Given information Block Start

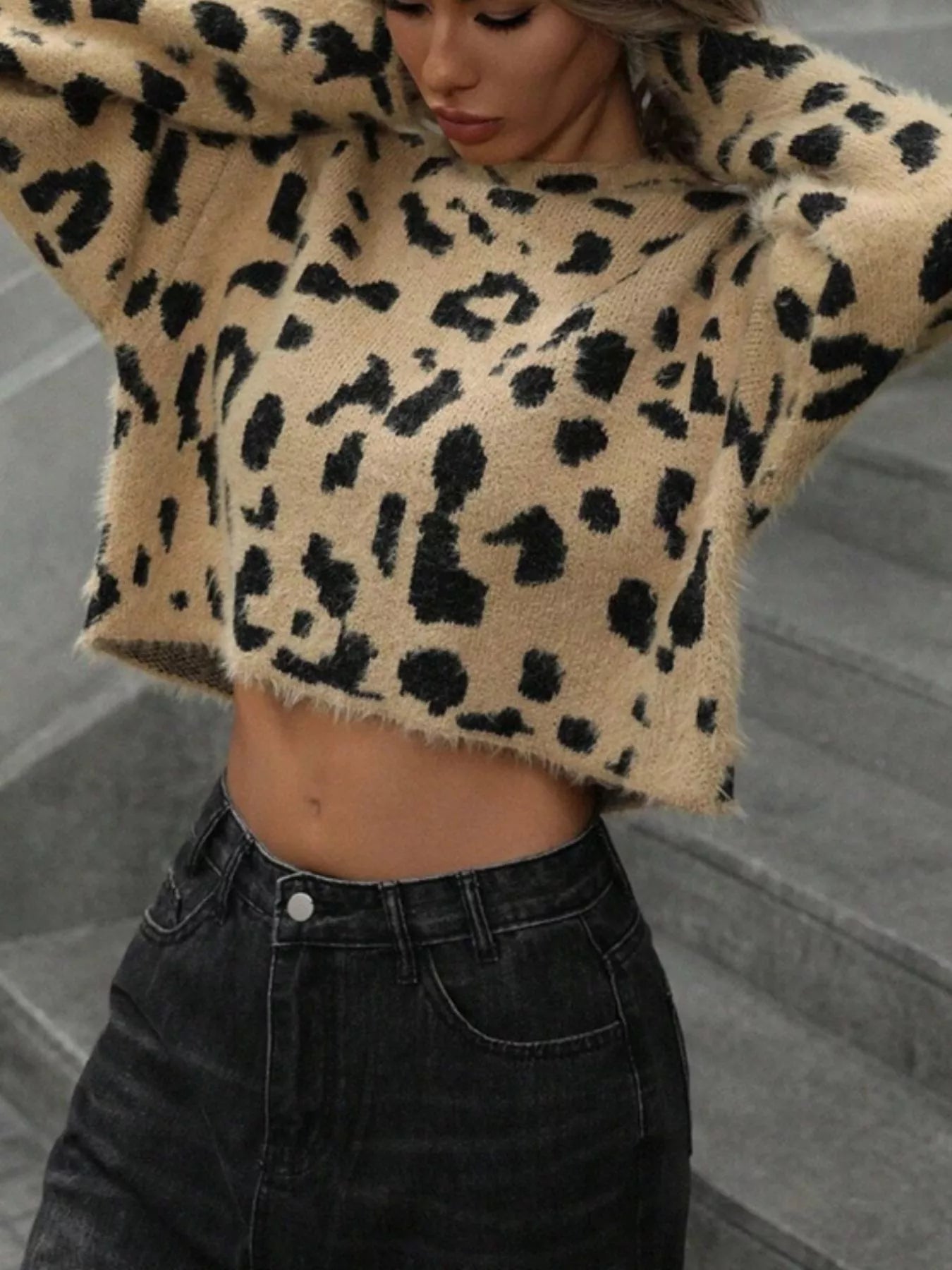 Leopard Fuzzy Knit Cropped Sweater Secondary image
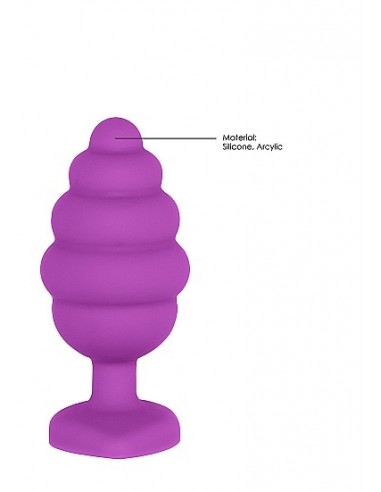 Regular Ribbed Diamond Heart Plug - Purple - Korki analne silikonowe - 7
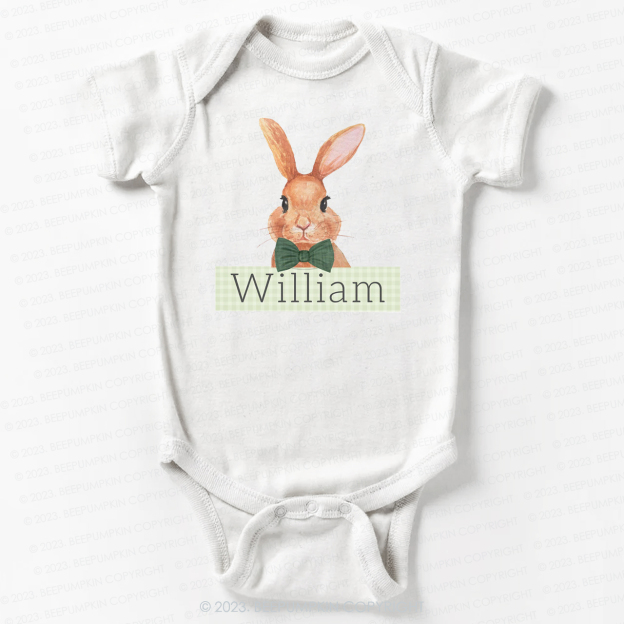 Easter Bunny Green Gingham Name Bodysuit For Baby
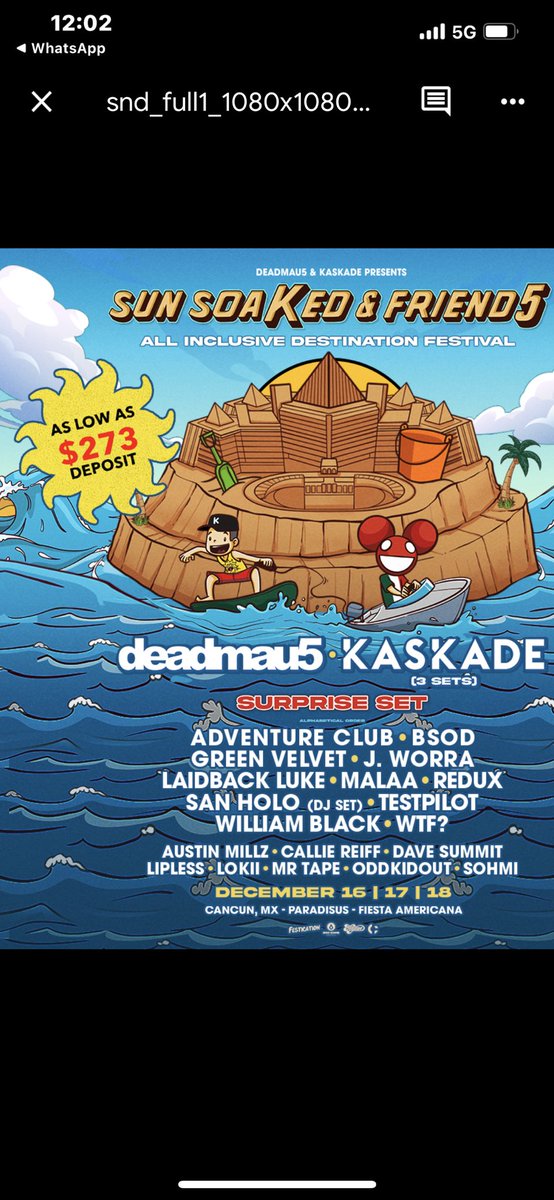 MrTommyLand's tweet photo. WTF? is heading to Cancun!!!! @deadmau5 @djaero #steveduda 

Tickets go on sale Friday at 10am PT. Sign up for pre-sale and enter to win a king room package 🤘 https://t.co/iPplUED72z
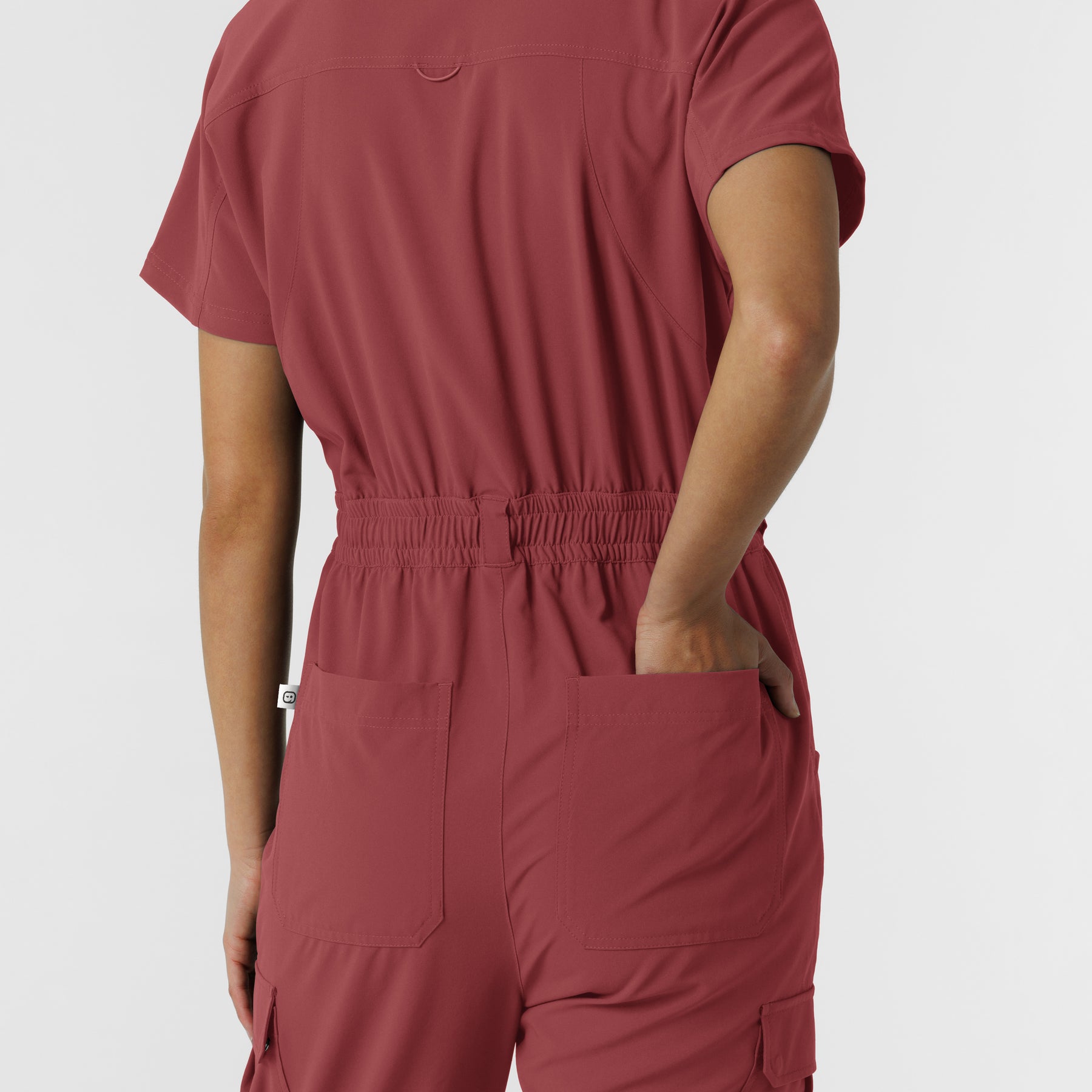 RENEW Women's Cargo Jogger Scrub Jumpsuit - Ruby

Given information Block End

* [Exercise instructions] Return the entries verbatim, pictures excluded.

* [Answer to the exercise]
 Leopard Fuzzy Knit Cropped Sweater Secondary image
 Regular Ribbed Diamond Heart Plug - Purple - Korki analne silikonowe - 7
 Easter Bunny Green Gingham Name Bodysuit For Baby
 MrTommyLand's tweet photo. WTF? is heading to Cancun!!!! @deadmau5 @djaero #steveduda 

Tickets go on sale Friday at 10am PT. Sign up for pre-sale and enter to win a king room package 🤘 https://t.co/iPplUED72z
 RENEW Women's Cargo Jogger Scrub Jumpsuit - Ruby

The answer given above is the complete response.